*BRIEF:* Of the lines below, write out exactly those from the line with "Клавиатура xGhost Blade TKL Space Grey" through the line with "CXD2518Q Sony hq4", both included, and skip the rest.

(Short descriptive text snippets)
___

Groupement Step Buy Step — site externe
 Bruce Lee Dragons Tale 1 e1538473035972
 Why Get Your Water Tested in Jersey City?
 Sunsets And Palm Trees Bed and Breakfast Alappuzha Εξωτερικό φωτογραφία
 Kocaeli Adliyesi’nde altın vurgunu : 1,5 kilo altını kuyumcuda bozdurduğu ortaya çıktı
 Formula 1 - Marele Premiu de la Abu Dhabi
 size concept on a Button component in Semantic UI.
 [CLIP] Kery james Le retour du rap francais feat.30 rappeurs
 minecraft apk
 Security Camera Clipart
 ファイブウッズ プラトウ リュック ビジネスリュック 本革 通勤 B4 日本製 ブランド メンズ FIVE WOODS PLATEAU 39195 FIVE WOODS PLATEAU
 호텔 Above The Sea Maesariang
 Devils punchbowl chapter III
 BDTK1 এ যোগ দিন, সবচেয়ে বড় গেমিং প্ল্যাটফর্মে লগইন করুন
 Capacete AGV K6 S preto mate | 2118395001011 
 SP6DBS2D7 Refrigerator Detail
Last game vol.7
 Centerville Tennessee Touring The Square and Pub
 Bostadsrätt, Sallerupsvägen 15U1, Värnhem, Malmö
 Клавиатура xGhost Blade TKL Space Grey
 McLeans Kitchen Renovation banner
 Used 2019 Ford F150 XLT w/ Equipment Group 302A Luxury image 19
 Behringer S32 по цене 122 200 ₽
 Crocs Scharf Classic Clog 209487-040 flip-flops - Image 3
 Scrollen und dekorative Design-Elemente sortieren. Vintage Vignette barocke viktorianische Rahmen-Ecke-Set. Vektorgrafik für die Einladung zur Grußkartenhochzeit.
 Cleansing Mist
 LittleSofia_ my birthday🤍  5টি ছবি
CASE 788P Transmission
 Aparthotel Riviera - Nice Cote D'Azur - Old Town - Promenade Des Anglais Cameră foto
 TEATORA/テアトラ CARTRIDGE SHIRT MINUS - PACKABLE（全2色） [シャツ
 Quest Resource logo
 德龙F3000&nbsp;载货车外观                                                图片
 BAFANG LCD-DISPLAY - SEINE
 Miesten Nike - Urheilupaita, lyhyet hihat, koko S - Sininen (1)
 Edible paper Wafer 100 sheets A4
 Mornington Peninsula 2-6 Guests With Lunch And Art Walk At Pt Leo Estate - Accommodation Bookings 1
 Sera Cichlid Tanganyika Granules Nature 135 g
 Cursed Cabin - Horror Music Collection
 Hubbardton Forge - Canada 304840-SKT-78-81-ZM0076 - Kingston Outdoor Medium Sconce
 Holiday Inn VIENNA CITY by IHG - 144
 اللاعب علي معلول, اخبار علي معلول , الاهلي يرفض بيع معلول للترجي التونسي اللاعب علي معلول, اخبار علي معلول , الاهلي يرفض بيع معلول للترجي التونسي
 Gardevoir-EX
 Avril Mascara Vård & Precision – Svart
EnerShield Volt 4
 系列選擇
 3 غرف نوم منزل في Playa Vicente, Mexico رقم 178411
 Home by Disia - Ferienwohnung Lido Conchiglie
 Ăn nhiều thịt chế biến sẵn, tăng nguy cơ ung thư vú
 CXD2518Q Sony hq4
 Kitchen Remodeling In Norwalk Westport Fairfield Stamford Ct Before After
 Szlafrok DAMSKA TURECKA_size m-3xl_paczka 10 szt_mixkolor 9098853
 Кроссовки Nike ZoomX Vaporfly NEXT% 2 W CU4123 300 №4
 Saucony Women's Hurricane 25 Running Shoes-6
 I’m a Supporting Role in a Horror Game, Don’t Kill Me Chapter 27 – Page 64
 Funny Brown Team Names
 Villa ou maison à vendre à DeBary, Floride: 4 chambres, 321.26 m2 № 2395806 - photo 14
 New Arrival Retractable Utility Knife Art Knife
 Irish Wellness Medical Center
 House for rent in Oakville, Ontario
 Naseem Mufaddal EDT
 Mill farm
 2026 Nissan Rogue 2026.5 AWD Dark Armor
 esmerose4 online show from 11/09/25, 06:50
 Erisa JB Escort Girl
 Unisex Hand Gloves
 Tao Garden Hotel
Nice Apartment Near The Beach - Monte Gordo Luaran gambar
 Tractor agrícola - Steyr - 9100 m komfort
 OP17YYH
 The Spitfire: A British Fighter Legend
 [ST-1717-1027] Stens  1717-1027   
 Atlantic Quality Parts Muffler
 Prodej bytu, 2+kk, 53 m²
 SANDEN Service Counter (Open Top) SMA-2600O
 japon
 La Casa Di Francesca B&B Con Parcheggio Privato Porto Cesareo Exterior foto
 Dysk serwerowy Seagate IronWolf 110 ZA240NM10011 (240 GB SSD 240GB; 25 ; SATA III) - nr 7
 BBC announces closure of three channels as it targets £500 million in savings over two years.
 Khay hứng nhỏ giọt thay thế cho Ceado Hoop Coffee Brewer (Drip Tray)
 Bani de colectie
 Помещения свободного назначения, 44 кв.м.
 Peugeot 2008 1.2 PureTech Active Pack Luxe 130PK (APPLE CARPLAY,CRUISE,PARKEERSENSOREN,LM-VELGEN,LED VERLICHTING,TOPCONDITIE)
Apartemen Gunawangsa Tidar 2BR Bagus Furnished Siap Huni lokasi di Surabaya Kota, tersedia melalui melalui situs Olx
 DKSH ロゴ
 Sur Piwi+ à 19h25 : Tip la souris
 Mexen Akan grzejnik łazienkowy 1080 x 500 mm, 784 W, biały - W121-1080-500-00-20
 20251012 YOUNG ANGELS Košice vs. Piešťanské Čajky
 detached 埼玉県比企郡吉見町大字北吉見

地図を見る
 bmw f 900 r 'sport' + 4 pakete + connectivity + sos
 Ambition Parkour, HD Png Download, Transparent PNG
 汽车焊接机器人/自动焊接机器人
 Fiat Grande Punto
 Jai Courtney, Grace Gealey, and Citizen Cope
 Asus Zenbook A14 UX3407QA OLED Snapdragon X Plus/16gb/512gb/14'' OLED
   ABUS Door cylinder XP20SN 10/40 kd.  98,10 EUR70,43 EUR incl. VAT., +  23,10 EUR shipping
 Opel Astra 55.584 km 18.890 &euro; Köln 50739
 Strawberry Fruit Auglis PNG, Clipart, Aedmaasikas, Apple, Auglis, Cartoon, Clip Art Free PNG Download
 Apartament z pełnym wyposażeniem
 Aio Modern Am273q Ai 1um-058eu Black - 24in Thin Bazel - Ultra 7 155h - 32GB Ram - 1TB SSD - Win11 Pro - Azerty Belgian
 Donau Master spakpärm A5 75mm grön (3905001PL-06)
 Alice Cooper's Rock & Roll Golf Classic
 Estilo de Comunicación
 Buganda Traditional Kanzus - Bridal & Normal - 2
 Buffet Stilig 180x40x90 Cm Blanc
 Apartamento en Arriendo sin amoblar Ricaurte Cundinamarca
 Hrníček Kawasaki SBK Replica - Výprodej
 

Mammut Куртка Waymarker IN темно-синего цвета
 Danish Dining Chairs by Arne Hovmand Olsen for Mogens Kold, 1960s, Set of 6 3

___

*TASK RESULT:*
 Клавиатура xGhost Blade TKL Space Grey
 McLeans Kitchen Renovation banner
 Used 2019 Ford F150 XLT w/ Equipment Group 302A Luxury image 19
 Behringer S32 по цене 122 200 ₽
 Crocs Scharf Classic Clog 209487-040 flip-flops - Image 3
 Scrollen und dekorative Design-Elemente sortieren. Vintage Vignette barocke viktorianische Rahmen-Ecke-Set. Vektorgrafik für die Einladung zur Grußkartenhochzeit.
 Cleansing Mist
 LittleSofia_ my birthday🤍  5টি ছবি
CASE 788P Transmission
 Aparthotel Riviera - Nice Cote D'Azur - Old Town - Promenade Des Anglais Cameră foto
 TEATORA/テアトラ CARTRIDGE SHIRT MINUS - PACKABLE（全2色） [シャツ
 Quest Resource logo
 德龙F3000&nbsp;载货车外观                                                图片
 BAFANG LCD-DISPLAY - SEINE
 Miesten Nike - Urheilupaita, lyhyet hihat, koko S - Sininen (1)
 Edible paper Wafer 100 sheets A4
 Mornington Peninsula 2-6 Guests With Lunch And Art Walk At Pt Leo Estate - Accommodation Bookings 1
 Sera Cichlid Tanganyika Granules Nature 135 g
 Cursed Cabin - Horror Music Collection
 Hubbardton Forge - Canada 304840-SKT-78-81-ZM0076 - Kingston Outdoor Medium Sconce
 Holiday Inn VIENNA CITY by IHG - 144
 اللاعب علي معلول, اخبار علي معلول , الاهلي يرفض بيع معلول للترجي التونسي اللاعب علي معلول, اخبار علي معلول , الاهلي يرفض بيع معلول للترجي التونسي
 Gardevoir-EX
 Avril Mascara Vård & Precision – Svart
EnerShield Volt 4
 系列選擇
 3 غرف نوم منزل في Playa Vicente, Mexico رقم 178411
 Home by Disia - Ferienwohnung Lido Conchiglie
 Ăn nhiều thịt chế biến sẵn, tăng nguy cơ ung thư vú
 CXD2518Q Sony hq4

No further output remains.